Ca(OH)_2(aq> + FeSO_4(aq) --------> Fe(OH)_2(s) + CaSO_4(s)

3Ca(OH)_2(aq) + Fe₂(SO₄)_3(aq) --------> 2Fe(OH)_3(s) + 3CaSO_4(s)

In the above reactions, addition of limestone, quicklime, and hydrated lime results in the neutralization of sulfuric acid and the formation of hydroxides complexes and gypsum salt (CaSO4•2H₂O).

Hydrolysis reactions are the primary mechanisms of metal precipitation during active treatment of acidic drainage. During hydrolysis, oxidized dissolved metals are combined with water, resulting in the formation of metal oxides, hydroxides, and oxy-hydroxides and the release of proton acidity. Several metal cations can be removed by hydrolysis reactions, including Fe⁺³, Mn⁺⁴, and Al⁺³. A generic equation for a metal hydroxide forming hydrolysis reaction is:

Me⁺ⁿ + n(OH)^- --------> Me(OH)_n

Where Me is metal cation

Hydrolysis reactions for specific metals are shown in the following equations:

Fe⁺³ + 3H₂O --------> Fe(OH)₃ + 3H⁺

Fe⁺³ + 2H₂O --------> FeOOH + 3H⁺

Al⁺³ + 3H₂O --------> Al(OH)₃ + 3H⁺

Mn⁺⁴ +2H₂O --------> MnO₂ + 4H⁺

In acidic drainage waters, the above metal oxide, hydroxide, and oxy-hydroxide complexes are generally hydrated. A generic equation for a hydrated metal hydroxide is:

Me(OH)_n.nH₂O
The majority of metal hydroxides have minimum solubility at pH values ranging from 7 to 10. The solubility of most metals becomes limited around pH values of 5.5 to 6.0 (Figure 1). Aluminum hydroxide, a white gelatinous precipitate, forms begins to form at pH 4.5. Ferric hydroxide forms around 3.5, while ferrous hydroxides do not form until a pH of 8.5. Iron hydroxide and oxy-hydroxide precipitates are yellow and red in color. In addition to pH controls on dissolved metal precipitation, dissolved oxygen content and oxidation-reduction potential influence hydrolysis reactions.
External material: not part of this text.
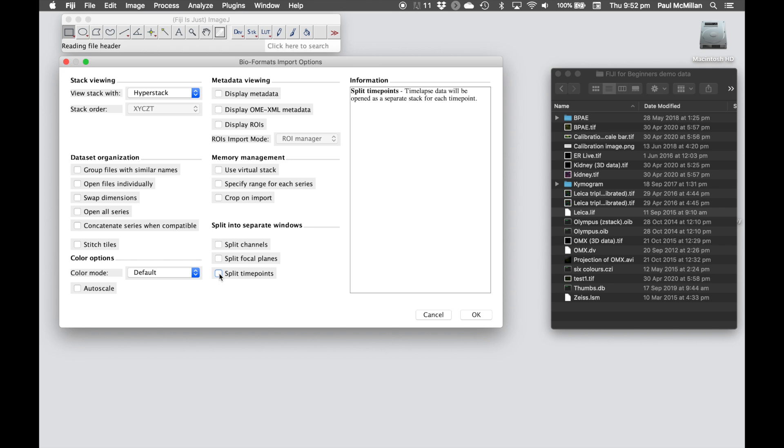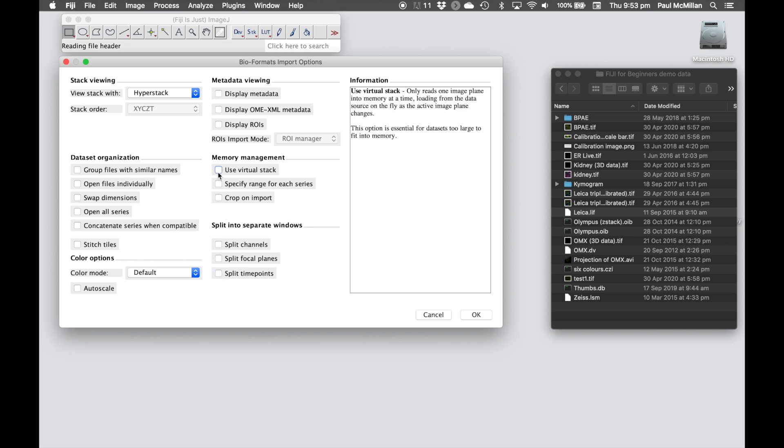Some other things to bear in mind: if you have very large datasets, obviously you might not be able to load in tens of gigabytes into the RAM on the system. You can use the virtual stack option, in which case it only opens up the image plane that we're currently looking at.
Figure 1. Solubility of metal hydroxides as a function of pH. From MEND, 1994.

Metal oxides, hydroxides, and oxy-hydroxides, especially ferric iron and aluminum hydroxides can scavenge trace metals such as Cd, Cu, Ni, Pb, and Zn from the free water column in a process called co-precipitation (Parker and Robertson, 1999). During co-precipitation trace metal cations adsorb to negatively charged surface sites of metal hydroxide and oxy-hydroxide precipitates. Since co-precipitation usually occurs on metal hydroxides and oxy-hydroxides, co-precipitation primarily occurs under aerobic conditions.

In addition to the removal of dissolved metals through hydrolysis reactions and co-precipitation, metals may precipitate as metal carbonate complexes. Carbonates are present in acidic drainage from the dissolution of limestone, either added to acidic drainage waters during passive pre-treatment methods or during treatment. Metal carbonates generally require higher pH values to precipitate out of solution than metal hydroxides.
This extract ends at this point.